■ **WHAT THE TASK ASKS**: Skip every picture. Print each line from the one containing "In this video, we" through the end of the records below, word for word.

----

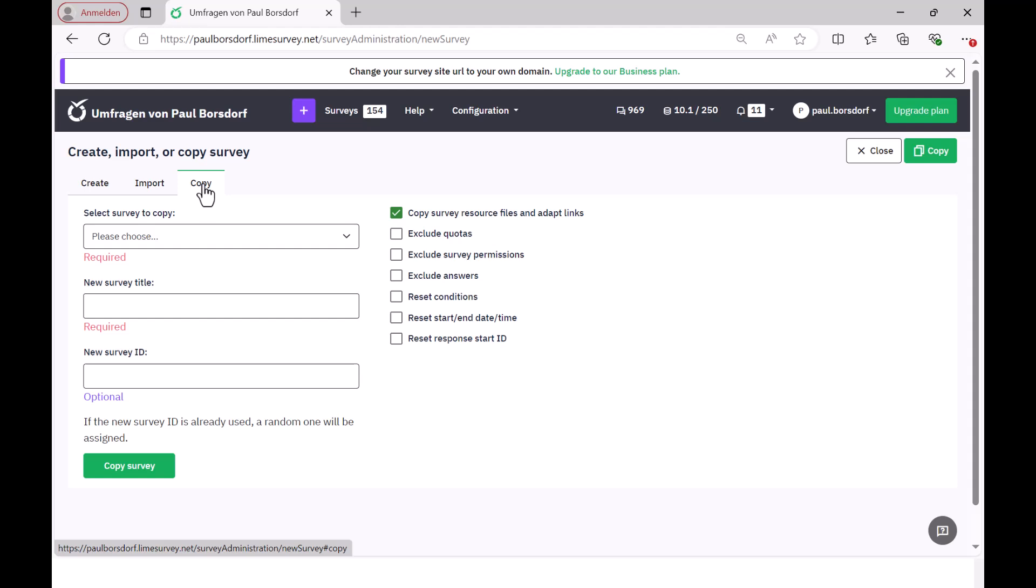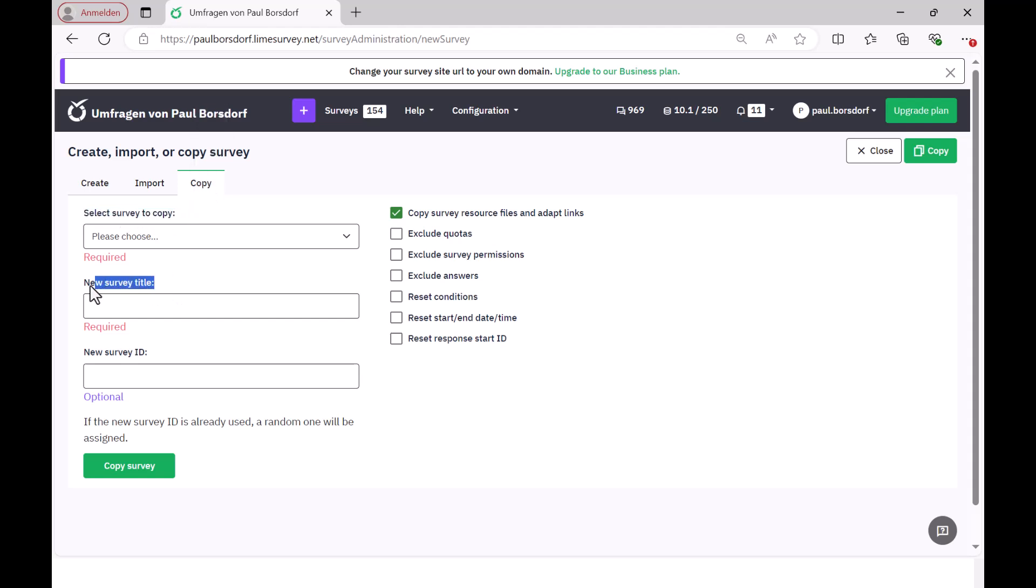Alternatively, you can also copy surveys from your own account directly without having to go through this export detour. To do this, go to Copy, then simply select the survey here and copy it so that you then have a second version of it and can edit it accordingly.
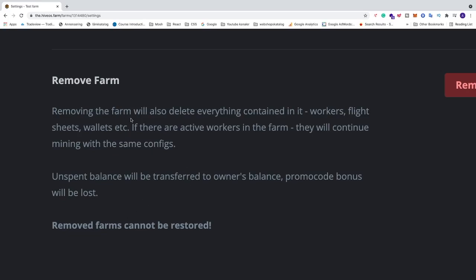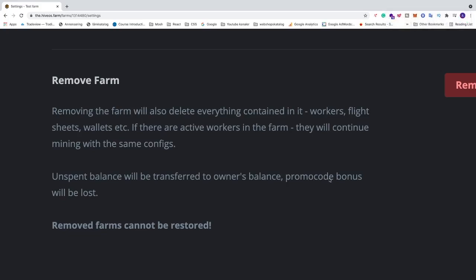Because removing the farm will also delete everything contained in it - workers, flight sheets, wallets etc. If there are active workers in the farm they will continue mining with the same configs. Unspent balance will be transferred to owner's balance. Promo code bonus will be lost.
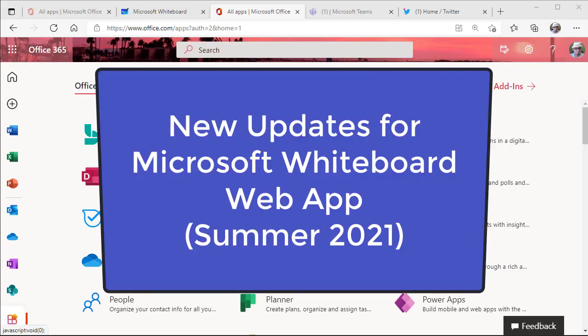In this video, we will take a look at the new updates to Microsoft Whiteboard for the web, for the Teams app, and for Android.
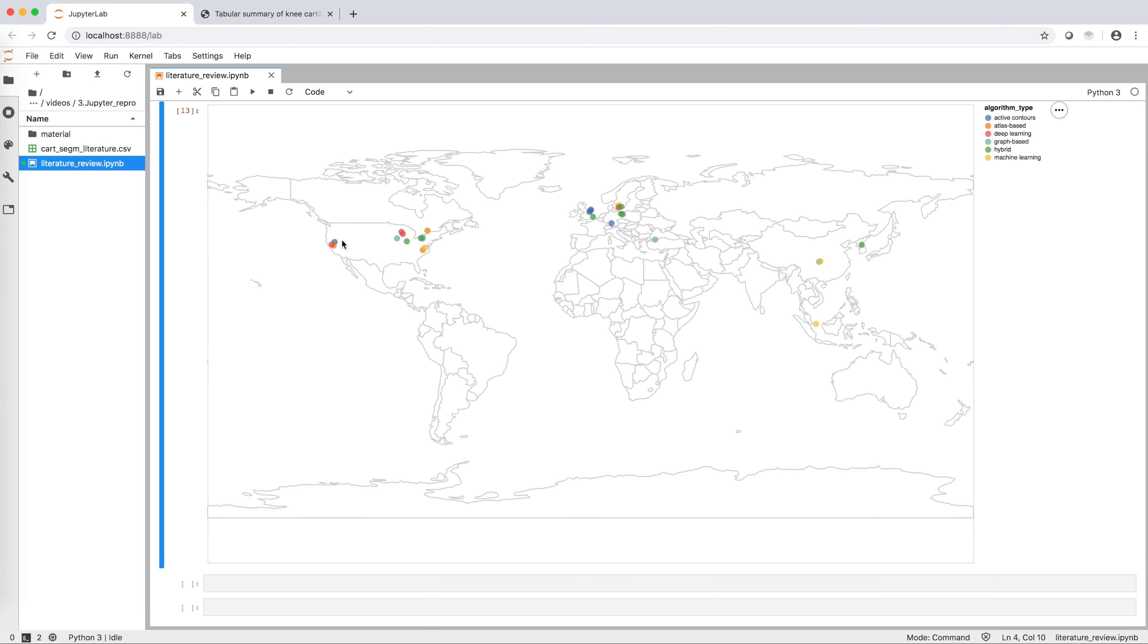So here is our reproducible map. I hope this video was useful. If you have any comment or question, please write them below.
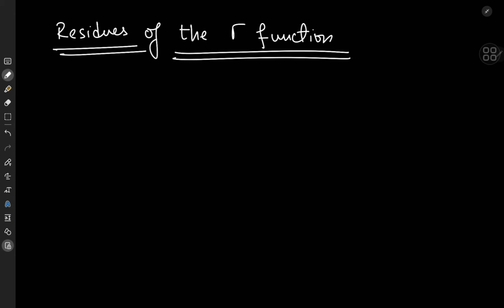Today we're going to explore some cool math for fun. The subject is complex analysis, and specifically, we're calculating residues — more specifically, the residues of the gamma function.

----

■ **EXERCISE SOLUTION**:
In this video, we will take a look at the new updates to Microsoft Whiteboard for the web, for the Teams app, and for Android.
So here is our reproducible map. I hope this video was useful. If you have any comment or question, please write them below.
Today we're going to explore some cool math for fun. The subject is complex analysis, and specifically, we're calculating residues — more specifically, the residues of the gamma function.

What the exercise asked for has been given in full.